Let $(G, +)$ and $(H, \circ)$ be groups, $U$ a subgroup of $H$ and $\varphi: G \rightarrow H$ be a group homomorphism, i.e.
$$\forall a, b \in G: \varphi(a+b) = \varphi(a) \circ \varphi(b)$$
Is the pre-image $\varphi^{-1}(U) = \{g \in G: \varphi(g) \in U\}$ also a group?
My try
$e_G \in \varphi^{-1}(U)$, because $\varphi(e_G) = e_H$ and $e_H \in U$.

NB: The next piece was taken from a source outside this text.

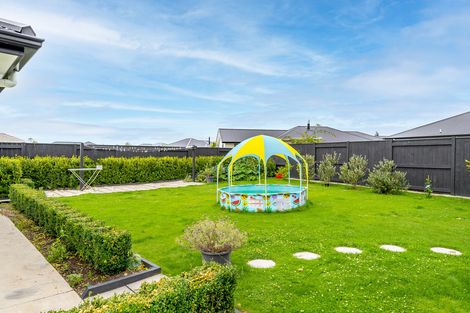 Photo of property in 15 Maple Grove, Kingston, Wellington, 6021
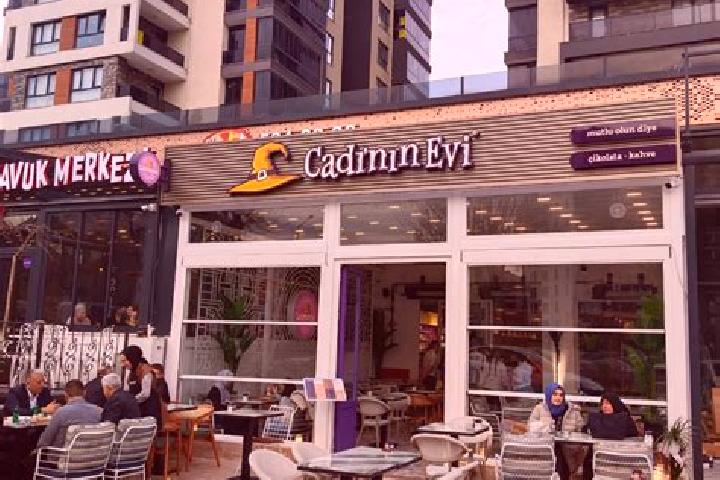Evelyn, 26 — Escort in Yediyol, Turkey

Let $a, b \in \varphi^{-1}(U)$. Then $\exists x, y \in U: \varphi(a) = x$ and $\varphi(b) = y$. As $U$ is a group, $x \circ y \in U$. As $\varphi$ is a group homomorphism, $\underbrace{\varphi(a)}_x \circ \underbrace{\varphi(b)}_y = \varphi(a + b) \in U \Leftrightarrow (a+b) \in \varphi^{-1}(U)$.
But I still need to show: $\forall x \in \varphi^{-1}(U) \exists x^{-1} \in U: x \cdot x^{-1} = x^{-1} \cdot x = e_G$
How can I show this?
Best Answer
Let $a \in \varphi^{-1}(U)$ be any element in the pre-image of $U$. This means that $\varphi(a) \in U$. As $U$ is a group, it has an inverse $(\varphi(a))^{-1} \in U$. But homomorphisms are closed under inversion, so $(\varphi(a))^{-1} = \varphi(a^{-1}) \in U$. This means $a^{-1} \in \varphi^{-1}(U)$.